Tinospora cordifolia (T. cordifolia), long associated with adaptogenic and disease preventive activity, has been used in the traditional Indian Ayurvedic System of medicine to increase immune response against diseases (eg, malaria), infection, and liver toxicity, and reduce immune response in cases of inflammation, allergies, arthritis, fever, and diabetes (Thawani 2006; Sharma 2012; Upadhyay 2010; Wadood 1992; Sharma 2010).
In a human trial of 30 patients undergoing surgical intervention for malignant obstructive jaundice, pretreatment with oral T. cordifolia (16 mg/kg/day) prevented septicemia (a life-threatening infection of the blood), normalized debris removal and killing capacity of the immune system’s white blood cells, and resulted in a postoperative survival rate of 92.4% in the treatment group versus 40% in the control group. Researchers concluded that strengthening of the immune system by extracts of T. cordifolia may be responsible for considerable improvement in post-surgical outcome (Rege 1993).
In a laboratory study, a novel extract of T. cordifolia was found to powerfully activate different types of lymphocytes, which are important immune factors. The researchers found that it increased NK cell activity by 331%, T-cell activity by 102%, and B-cell activity by 39%, all of which demonstrate increased immune activity. These observations prompted the study authors to categorize T. cordifolia as “exhibiting unique immune stimulating properties” (Nair 2004).
Heightening Immune Surveillance with Cancer Vaccines
Using vaccines for cancer is the same as using vaccines for infectious diseases, except that tumor vaccines target cancer cells instead of a virus. Another distinguishing feature of tumor vaccines is that they are autologous, that is, they are produced from a person’s own cancer cells and removed during surgery. This is a critical distinction since there can be considerable genetic differences between cancers. This highly individualized cancer vaccine greatly amplifies the ability of the immune system to identify and target any residual cancer cells present in the body.

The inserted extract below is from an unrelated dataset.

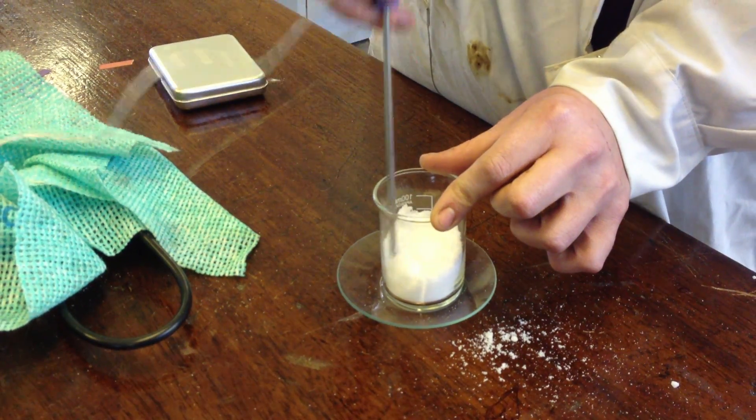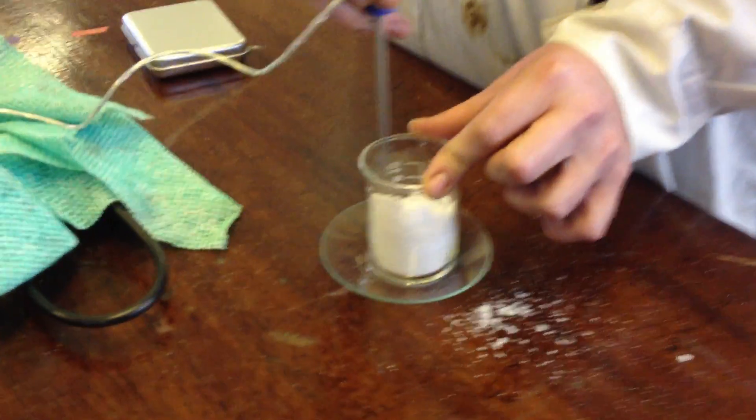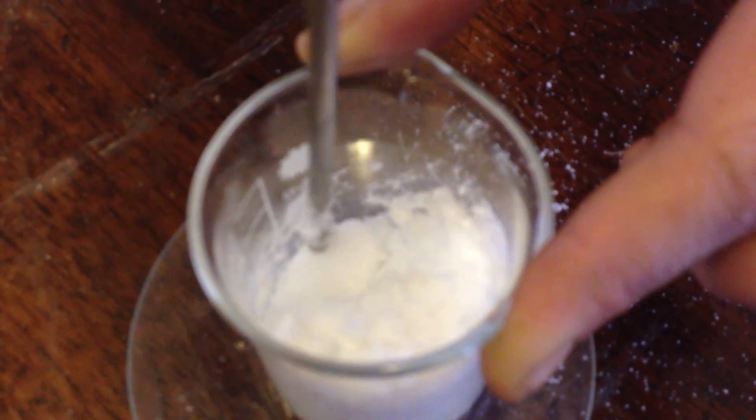Almost instantly you can see that their state is changing slightly. They're almost clumping together and making almost like a paste. I should bring down some of these lumps.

Cancer vaccines provide the immune system with the specific identifying markers of the cancer that can then be used to mount a successful attack against metastatic cancer cells.

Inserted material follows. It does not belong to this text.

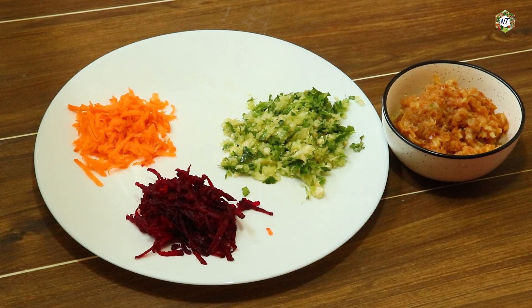We are ready to eat a meal. We are ready for this meal. We need a meal for this meal. We have baked carrots and beetroot.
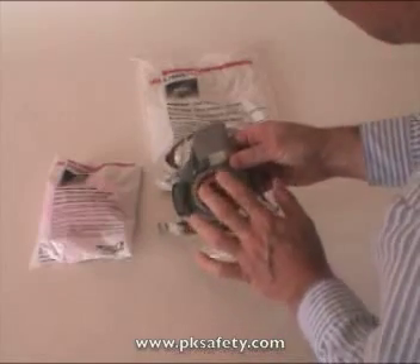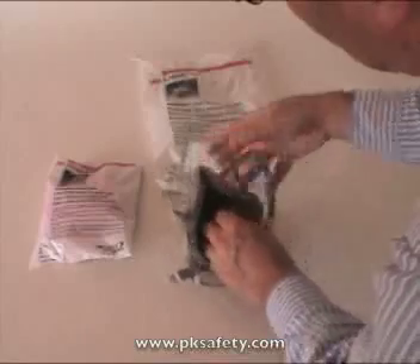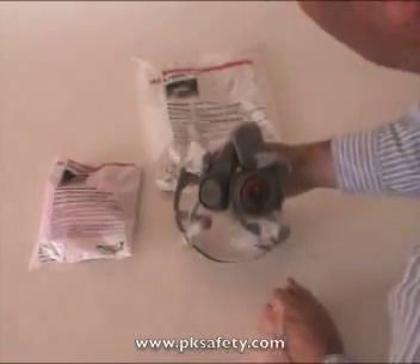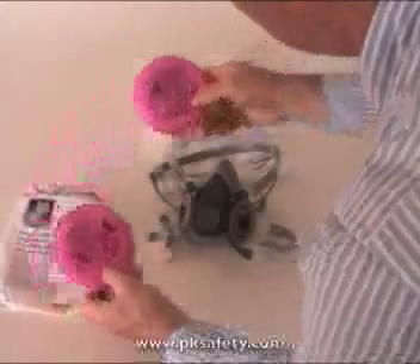The filters are going to go here, and then inside the mask are check valves. These little valves are what keep the air going only inward through the filter and outward through the exhalation valve. The filters that come with the unit are the 3M 2091 — we sometimes call these a pancake filter.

Autologous cancer vaccines have been studied extensively, with the most encouraging results noted in randomized, controlled clinical trials including more than 1,300 colorectal cancer patients in which tumor vaccines were given after surgery. These trials reported reduced recurrence rates and improved survival (Mosolits 2005). Unlike chemotherapy, which can cause severe side effects and toxicity, cancer vaccines are a gentle therapy with proven long-term safety (Choudhury 2006).
In a landmark study reported in 2003, 567 individuals with colon cancer were randomized to receive either surgery alone or surgery combined with vaccines derived from their own cancer cells. The median survival for the cancer vaccine group was over 7 years (66.5% 5-year survival rate) compared to 4.5 years (45.6% 5-year survival rate) for the group receiving surgery alone (Liang 2003). This difference in five-year survival rates clearly displays the power of individually-tailored cancer vaccines to greatly focus a person’s own immunity to target and attack residual metastatic cancer cells.